### Records contained in a dataset
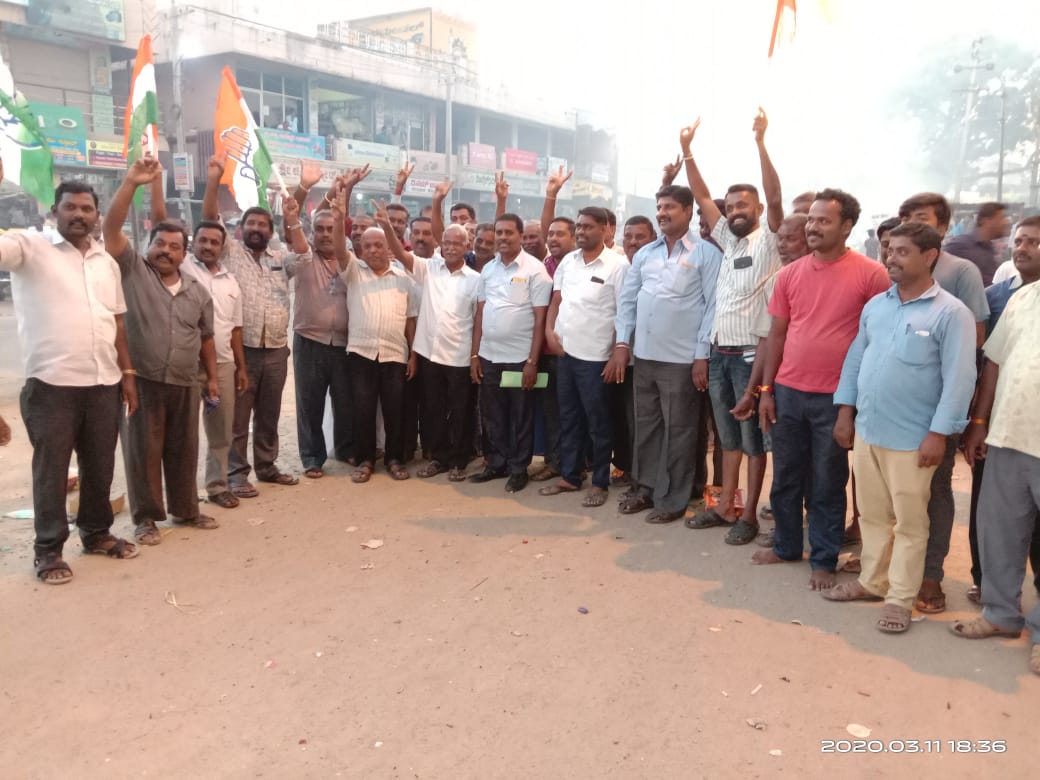 ಕೆಪಿಸಿಸಿ ಅಧ್ಯಕ್ಷರಾಗಿ ಡಿಕೆಶಿ ನೇಮಕ: ಹನೂರಿನಲ್ಲಿ ಕಾಂಗ್ರೆಸ್ ಕಾರ್ಯಕರ್ತರಿಂದ ಸಂಭ್ರಮಾಚರಣೆ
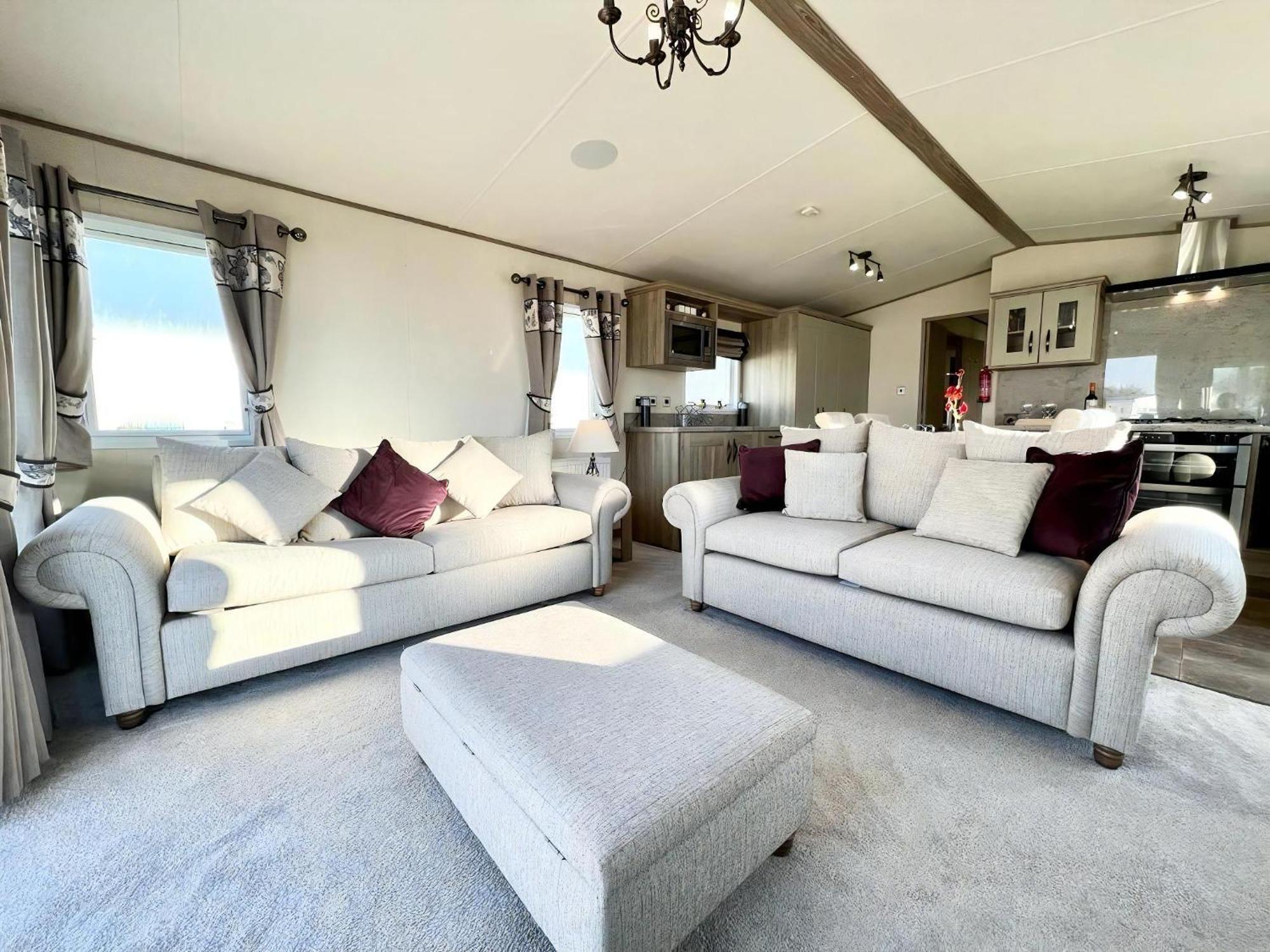 Stunning Caravan With Full Lake View At Southview Holiday Park Ref 33004Ml Скегнес Екстериор снимка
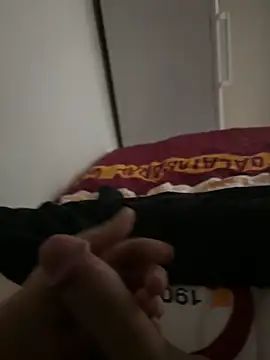 samksa77 online show from October 18, 2025, 5:59 pm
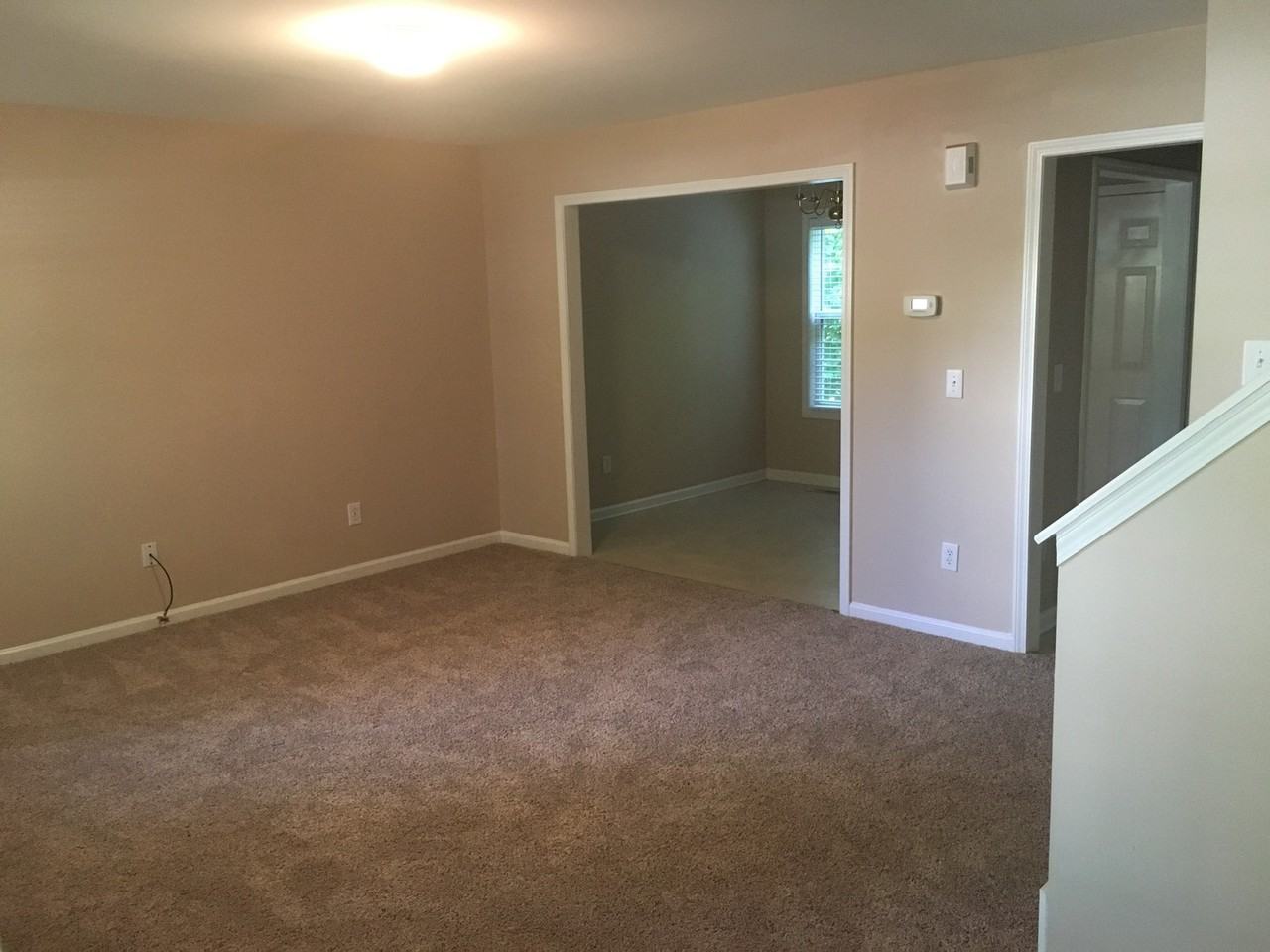 2401 Laurel Falls Ln - Photo 2 of 6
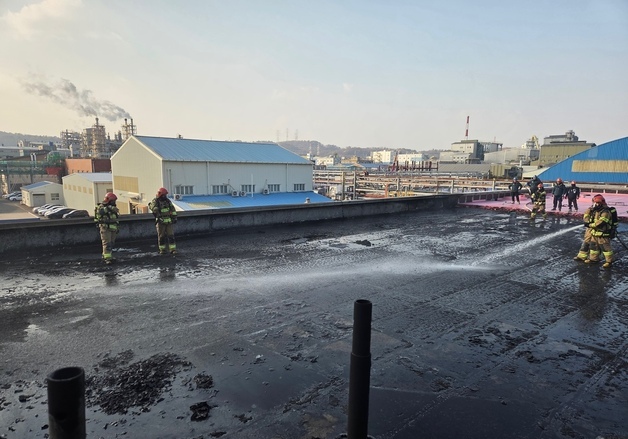 울산 울주군 새 건물 공사 현장서 불…20분 만에 진화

### What this task involves
Leaving every picture out, return the lines from the one containing "Stunning Caravan With" through the last line of the records exactly.

### Solution to the problem
 Stunning Caravan With Full Lake View At Southview Holiday Park Ref 33004Ml Скегнес Екстериор снимка
 samksa77 online show from October 18, 2025, 5:59 pm
 2401 Laurel Falls Ln - Photo 2 of 6
 울산 울주군 새 건물 공사 현장서 불…20분 만에 진화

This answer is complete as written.